The fix is not in the router. It's in what happens before an agent is allowed to signal. A verification gate — a script that checks pytest exit codes, mypy output, and git working tree cleanliness — runs between "agent thinks it's done" and "agent signals done." The gate is application logic, not routing logic, and that boundary is important. The router stays simple because it doesn't try to understand work. It just moves messages and tracks state.
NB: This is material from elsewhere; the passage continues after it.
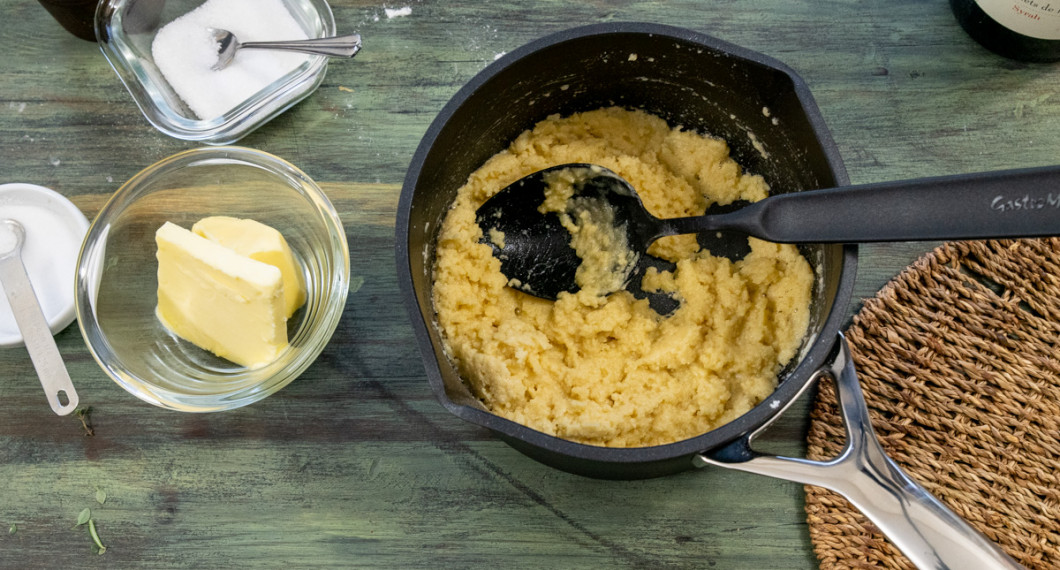 Smör och mjöl kokas ihop till Beurre Manié eller vit roux - Roux Blanc.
This separation is where Pat Helland's concept of "data on the outside" becomes relevant. Helland argues that data shared between services must be immutable and well-defined, while data inside a service can be messy and mutable. The agent-router enforces exactly this boundary. Inside an agent, anything goes — exploratory searches, failed edits, experimental branches. But the data that crosses the router (signals, blackboard entries) is structured and append-only. Agents can write to the blackboard but not delete from it. Signals are state transitions, not states — you can signal done but you can't un-signal it.
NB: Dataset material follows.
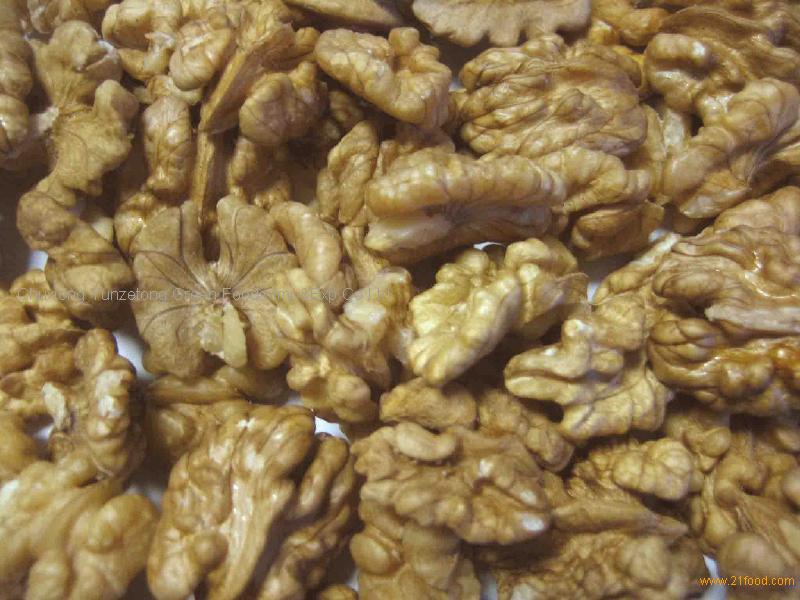 walnut kernels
The Feedback Loop That Compounds
After each workflow completes, an analyst agent reads the blackboard entries and workflow signals, extracts patterns, and writes learnings back to the roster's knowledge directory. Those learnings get injected into agent prompts for subsequent workflows. By February 21, agents running content workflows already had accumulated context about formatting preferences, common revision triggers, and coordination timing. A content-writer that had received feedback about blog post structure in previous runs started producing cleaner first drafts because its prompt included those learnings.
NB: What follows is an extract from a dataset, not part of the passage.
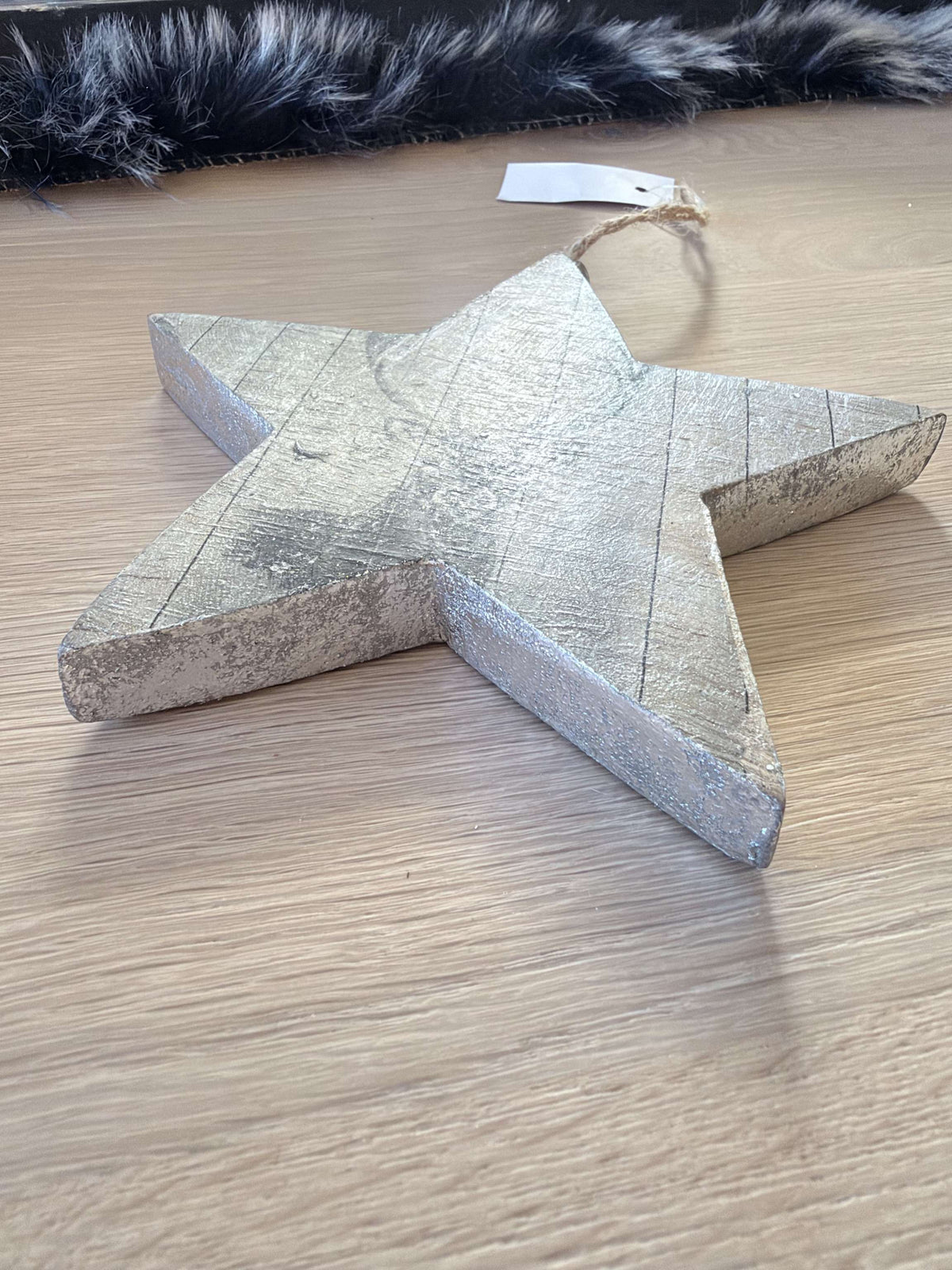 Holzstern mit Hirschmotiv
The loop is: execute workflow → analyst reads artifacts → extract patterns → inject into future agents. The router enables this by making all workflow artifacts (signals, blackboard entries, message logs) available for post-hoc analysis. The analyst doesn't need special access — it registers like any other agent, reads the blackboard, and writes its findings. The same six primitives that run the workflow also support the meta-workflow of learning from it.
The risk is recursion. Analyst agents can extract patterns about the analysis process itself, filling the knowledge store with observations about observation. The containment mechanism is a classification gate applied at extraction time: every pattern must be actionable by a non-analyst agent, grounded in a specific technical artifact, and validated by a subsequent workflow where it changed behavior. Patterns that only analysts can use get filtered out.
Routing Is the Hard Problem
The agent-router is infrastructure. It moves bytes between processes. The genuinely difficult question it surfaces is not how agents coordinate but whether they should. A three-line configuration change doesn't need a dev-QA pair, a blackboard, and a revision cycle. A multi-module refactor does. The router serves both cases identically — same registration, same heartbeats, same signals — which means the router itself provides no guidance on when to use it.
This is by design. A switchboard doesn't decide who should call whom. But it means the highest-leverage component in the system isn't the router at all. It's the dispatch layer above it that examines a task, estimates its complexity, and decides whether to route it through full multi-agent orchestration, lightweight single-agent execution, or no coordination at all. The router makes that dispatch possible by providing a uniform protocol. The dispatch layer makes it worthwhile by ensuring the protocol gets used only when it earns its keep.
Six primitives. No intelligence. No opinions about what constitutes good work. The agent-router is deliberately less than what you'd expect from the center of a multi-agent system, and that restraint is precisely what makes it scale.